Now, comparing Emilio Estevez to Jesus is patent absurdity, but calling the set of a Michael Bay film "the devil's shitpile" and mentioning that he's only making Transformers for the exposure? That's gold. And yes, it does make him sound like an utter douchebag, but let us not ask that actors try to be more than God made them.

So, here's what this arrogant little man brings to Disturbia: he takes a completely gormless character who behaves in ways that are not recognizably human, and turns him into somebody that you'd more or less accept at face value if ever you encountered him in life. It helps considerably that LaBeouf has such a damn soft baby face that makes him look far younger than his twenty years, or even his character's seventeen.
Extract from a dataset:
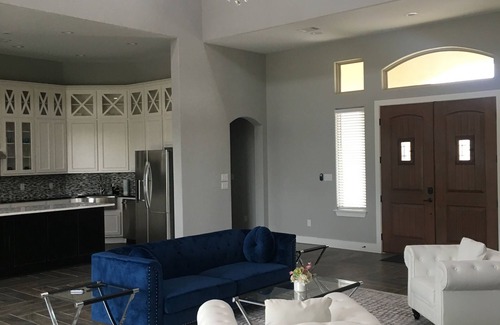 Horseshoe Bay West House | Spacious 4-bedroom house in charming Horseshoe Bay with AC, WiFi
He really does appear to be a kid playing at being a grown-up, and that makes some of the more dizzying flights from realism that plague the story (especially in the third act) sort of kind of easy to swallow.

The other pretty good performance is David Morse as the film's villain. Morse is one of my favorite examples of the "actor who is better than every single one of his roles," and he classes up a standard-issue sarcastic psychopath by subscribing to the less-is-more school of thinking: he hardly ever speaks over a conversational whisper, and even during the film's inevitable climactic chase in the dark, he doesn't really scream, and when he says something barbarously typical like, "I wish you weren't making me do this," damned if you can't actually hear a note of apology in his voice. It's not unlike Anthony Hopkins's default "psycho" setting, if Hopkins weren't a drag queen.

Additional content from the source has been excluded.